AVAILABLE RECORDS »
########

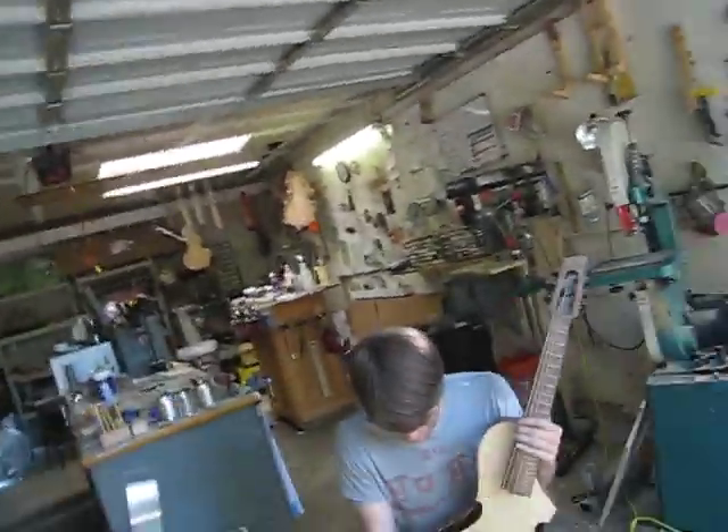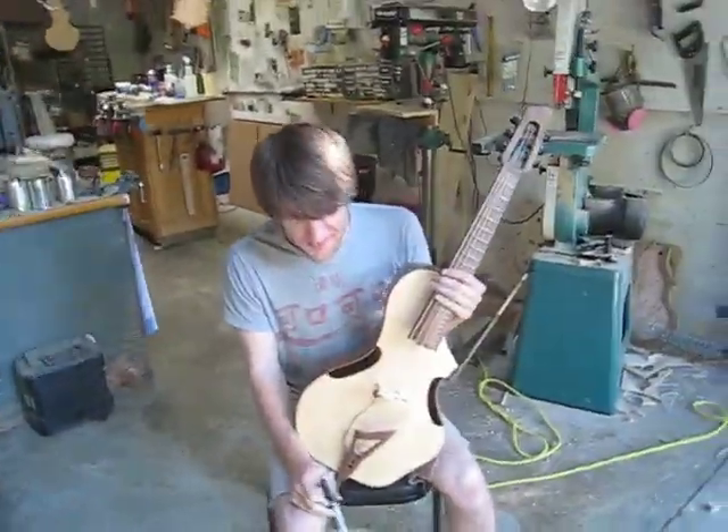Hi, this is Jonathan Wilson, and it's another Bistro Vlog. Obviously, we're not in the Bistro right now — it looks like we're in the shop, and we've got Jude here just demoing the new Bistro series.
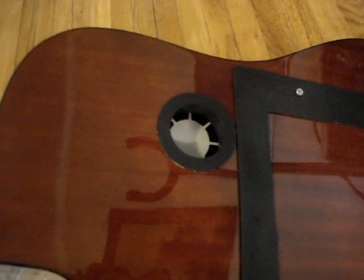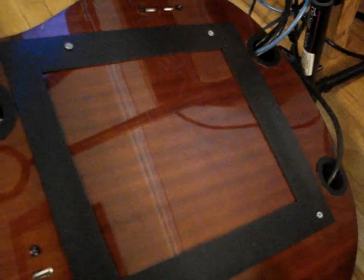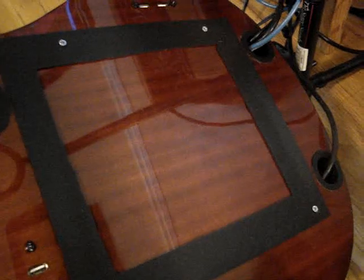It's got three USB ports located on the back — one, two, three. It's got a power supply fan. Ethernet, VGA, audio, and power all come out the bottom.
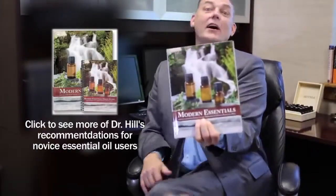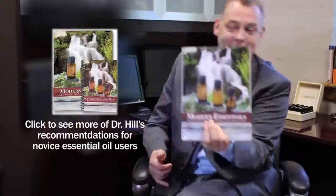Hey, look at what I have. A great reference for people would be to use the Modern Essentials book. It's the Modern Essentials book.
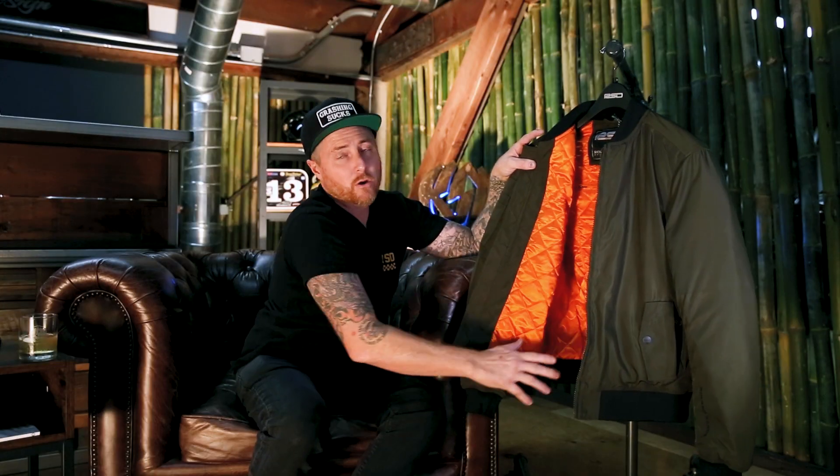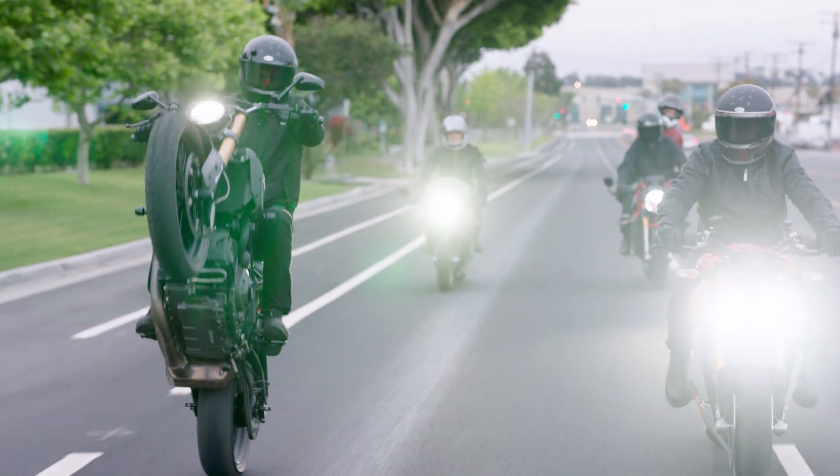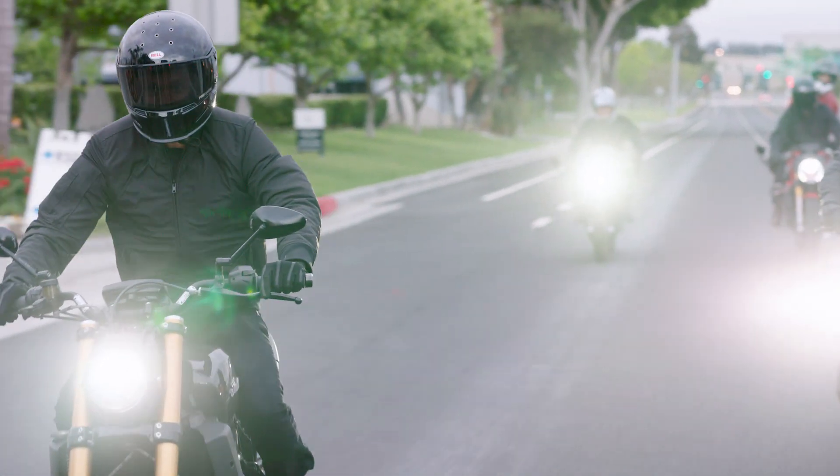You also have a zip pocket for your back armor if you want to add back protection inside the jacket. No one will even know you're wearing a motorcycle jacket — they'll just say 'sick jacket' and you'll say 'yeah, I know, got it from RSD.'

########

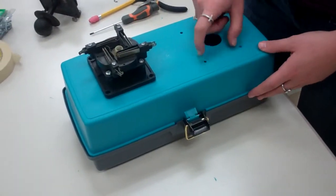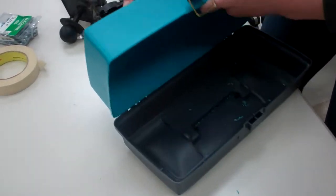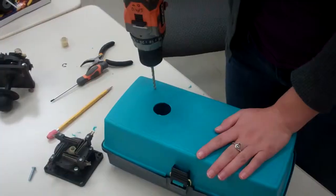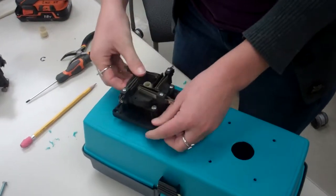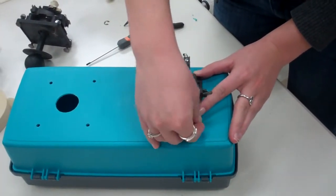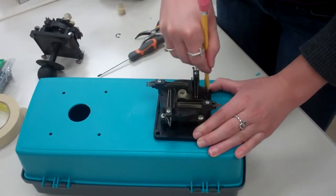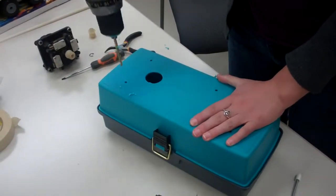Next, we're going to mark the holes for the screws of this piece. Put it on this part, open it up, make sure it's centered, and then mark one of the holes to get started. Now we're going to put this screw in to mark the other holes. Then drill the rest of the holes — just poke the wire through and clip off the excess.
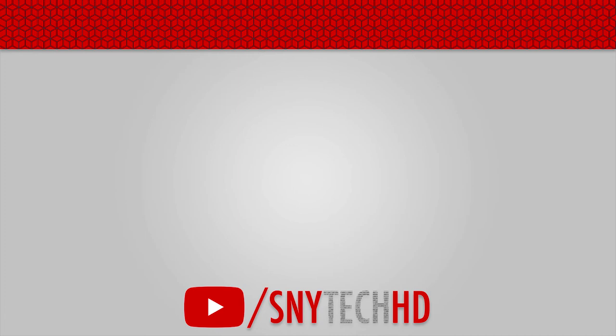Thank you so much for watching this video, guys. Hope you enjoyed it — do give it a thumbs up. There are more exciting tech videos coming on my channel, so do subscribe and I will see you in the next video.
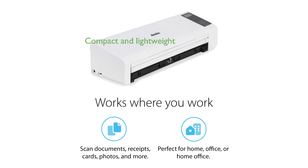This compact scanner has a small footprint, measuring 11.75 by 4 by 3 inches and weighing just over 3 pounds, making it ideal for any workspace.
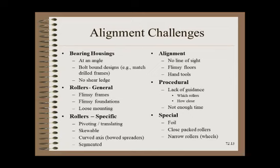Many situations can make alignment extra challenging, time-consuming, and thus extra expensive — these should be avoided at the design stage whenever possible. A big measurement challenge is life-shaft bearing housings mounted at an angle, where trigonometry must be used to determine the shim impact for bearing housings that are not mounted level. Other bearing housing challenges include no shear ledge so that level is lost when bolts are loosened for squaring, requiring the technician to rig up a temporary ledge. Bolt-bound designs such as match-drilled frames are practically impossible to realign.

########

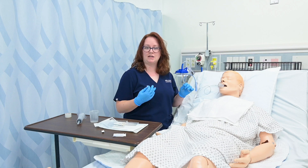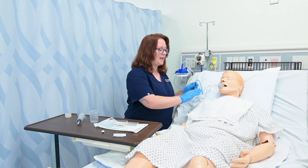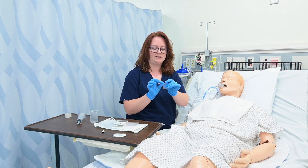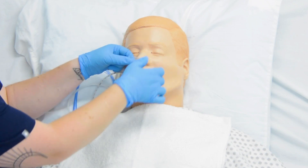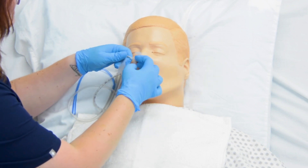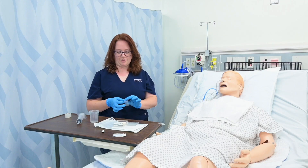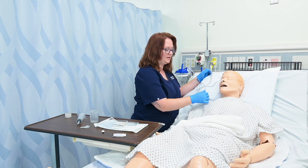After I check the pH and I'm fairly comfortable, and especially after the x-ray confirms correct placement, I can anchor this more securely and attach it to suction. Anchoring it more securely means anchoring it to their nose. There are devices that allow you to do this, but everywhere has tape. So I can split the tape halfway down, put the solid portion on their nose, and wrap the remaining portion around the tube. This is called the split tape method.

########

EXERCISE DETAILS » Starting at the line with "Hi, this is" in the entries above, write out every line exactly until the line with "It's got three" has been written. Include no pictures and nothing more.

PROBLEM SOLUTION »
Hi, this is Jonathan Wilson, and it's another Bistro Vlog. Obviously, we're not in the Bistro right now — it looks like we're in the shop, and we've got Jude here just demoing the new Bistro series.
It's got three USB ports located on the back — one, two, three. It's got a power supply fan. Ethernet, VGA, audio, and power all come out the bottom.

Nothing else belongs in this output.